En A mí toda la gloria, el filósofo francés Fabrice Hadjadj se refiere a la estrecha unión entre los héroes, que viven, y a los poetas, que cantan:
"Los poetas y los héroes no sólo se yuxtaponen. Están íntimamente unidos en una comunidad natural, puesto que los unos no pueden existir sin los otros. Los poetas cantan las hazañas de los héroes y a los héroes no se les atribuiría gloria ninguna sin la fama que les proporcionan los poetas (…) Si las acciones más bellas no tuvieran una boca que las exaltase, se quedarían inexorablemente en la sombra del olvido y su brillo se marchitaría rápidamente".
El hombre captura como con una red el momento presente y luego lo libera en un diálogo, en un texto, en un dibujo, en una publicación de Instagram. Y ese regreso sobre lo vivido, sobre lo que ya no es sino en la memoria, contribuye a su vez a encender el entusiasmo ajeno.
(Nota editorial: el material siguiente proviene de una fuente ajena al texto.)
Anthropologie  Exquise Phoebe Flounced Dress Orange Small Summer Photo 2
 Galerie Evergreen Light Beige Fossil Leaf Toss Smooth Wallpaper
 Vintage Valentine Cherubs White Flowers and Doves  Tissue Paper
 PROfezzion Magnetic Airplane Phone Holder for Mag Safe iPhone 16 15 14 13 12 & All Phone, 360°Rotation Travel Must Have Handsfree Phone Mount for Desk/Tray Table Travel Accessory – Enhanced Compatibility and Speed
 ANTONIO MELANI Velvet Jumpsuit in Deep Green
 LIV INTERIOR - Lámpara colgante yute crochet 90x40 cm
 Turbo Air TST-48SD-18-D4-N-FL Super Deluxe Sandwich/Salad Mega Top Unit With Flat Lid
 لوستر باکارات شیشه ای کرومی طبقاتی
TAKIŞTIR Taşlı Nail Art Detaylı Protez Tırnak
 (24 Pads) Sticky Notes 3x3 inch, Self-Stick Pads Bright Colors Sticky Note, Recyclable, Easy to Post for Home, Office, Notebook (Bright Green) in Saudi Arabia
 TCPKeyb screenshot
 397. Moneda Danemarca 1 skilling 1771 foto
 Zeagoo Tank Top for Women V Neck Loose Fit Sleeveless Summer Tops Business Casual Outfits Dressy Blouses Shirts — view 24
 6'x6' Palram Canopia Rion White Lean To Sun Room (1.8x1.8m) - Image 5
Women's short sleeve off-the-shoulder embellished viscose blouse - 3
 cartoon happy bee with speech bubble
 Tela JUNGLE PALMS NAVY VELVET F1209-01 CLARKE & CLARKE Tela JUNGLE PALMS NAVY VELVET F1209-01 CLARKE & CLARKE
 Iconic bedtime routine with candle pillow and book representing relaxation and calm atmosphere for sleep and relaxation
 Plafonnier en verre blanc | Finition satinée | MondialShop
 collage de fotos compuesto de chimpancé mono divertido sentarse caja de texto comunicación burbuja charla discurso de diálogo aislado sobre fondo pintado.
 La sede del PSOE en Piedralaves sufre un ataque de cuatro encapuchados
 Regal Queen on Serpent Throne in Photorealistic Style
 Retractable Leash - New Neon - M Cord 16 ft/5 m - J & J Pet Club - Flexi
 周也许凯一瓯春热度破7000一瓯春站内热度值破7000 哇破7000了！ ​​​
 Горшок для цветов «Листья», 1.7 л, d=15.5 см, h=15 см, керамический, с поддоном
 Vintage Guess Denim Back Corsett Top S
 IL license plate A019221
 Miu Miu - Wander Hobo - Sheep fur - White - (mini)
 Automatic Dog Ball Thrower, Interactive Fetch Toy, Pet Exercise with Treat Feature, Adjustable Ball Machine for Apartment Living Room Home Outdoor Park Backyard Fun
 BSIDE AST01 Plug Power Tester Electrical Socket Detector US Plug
Si amamos la vida, es en parte porque antes alguien nos la ha presentado como buena. Deseamos tomar unas cervezas en una taberna porque antes hemos leído a Chesterton, o quizá escuchado a nuestro padre, ensalzar ese acto que nos resulta, ejem, tan banal y que es realmente tan humano. Deseamos contemplar un paisaje hermoso porque antes hemos podido contemplar uno en el lienzo de un pintor impresionista o en las publicaciones de nuestro influencer de cabecera. Deseamos la vivencia, en fin, porque antes nos ha conmovido la palabra.
Dice Hadjadj que el héroe necesita al poeta para seguir siendo héroe. Yo subo la apuesta y afirmo que el hombre contemporáneo lo necesita para seguir siendo humano. Al poeta, al pintor, al columnista, al músico, al hombre que vive y lo cuenta. En la era de las pirotecnias virtuales, nada contribuye más a nuestra humanidad que un hombre que paladea la bella sencillez de lo real y la sublima para todos con su arte, por precario que éste sea.